The genre definitions below are meant to be suggested guidelines and not explicit instructions on how to write your story or what elements to include.  While we do allow writers to stretch the boundaries of their assigned genres, please keep in mind that stories without predominant elements of your assigned genre may be disqualified.


A suspenseful story in which a mission involving risk and danger forms the primary storyline. The protagonist, who is typically operating outside the course of his or her daily life, embarks on a journey to confront obstacles and prove worthiness. Action sequences are frequently featured, especially those involving chases, explosions, and attacks. This genre has its roots in Greek and Medieval literature, including Homer’s classic epic poem, the Iliad, which tells of the battles and events during the weeks of a quarrel between King Agamemnon and the warrior Achilles. Common elements: likeable hero, unlikeable antagonist, physical action, fast pace, violence, changeable setting. Action/Adventure books include Jack London’s The Call of the Wild and Suzanne Collins’s The Hunger Games. Action/Adventure films include Casino Royale (2006) and Mad Max: Fury Road (2015).



A story that typically maintains a light, satirical, or familiar tone and features amusing characters and situations. Humor is the fundamental driving force. The word “comedy” comes from the Greek word komos, which means revelry or merry-making--and indeed, comedy has its origins in ancient Athens, where it was used in celebrations dedicated to the Greek god of wine and revelry. Subgenres of comedies include screwball comedies, which derive humor from improbable situations and characters, black comedies, which have darker undertones, and romantic comedies, which focus on the antics of lovestruck characters. Common elements: love and sex, stock characters and situations, everyday speech, puns, and cheerful endings. Comedy books include Douglas Adams’s The Hitchhiker’s Guide to the Galaxy and Zadie Smith’s The Autograph Man.

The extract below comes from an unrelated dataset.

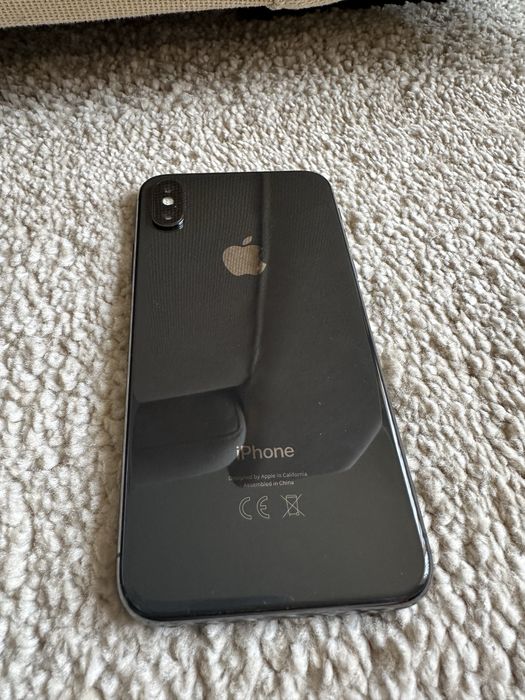 iPhone X 64GB Space Gray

Comedy films include This is Spinal Tap (1984) and Anchorman (2004).


Crime Caper

A lighthearted crime story in which the main characters perpetrate one or more crimes--e.g. thefts, swindles, or kidnappings--in full view of the reader or filmgoer. The plot focuses on the criminals and their attempts at escape or atonement. Scenes often leverage offbeat humor and acts of unusual cleverness or audacity. Common elements: The criminals are the main characters (the investigative team may appear but is not the main focus), complicated plots, flawed protagonists. Crime caper books include Michael Crichton’s The Great Train Robbery and most books by Janet Evanovich. Crime caper films include Ocean’s Eleven (2001) and The Italian Job (2003).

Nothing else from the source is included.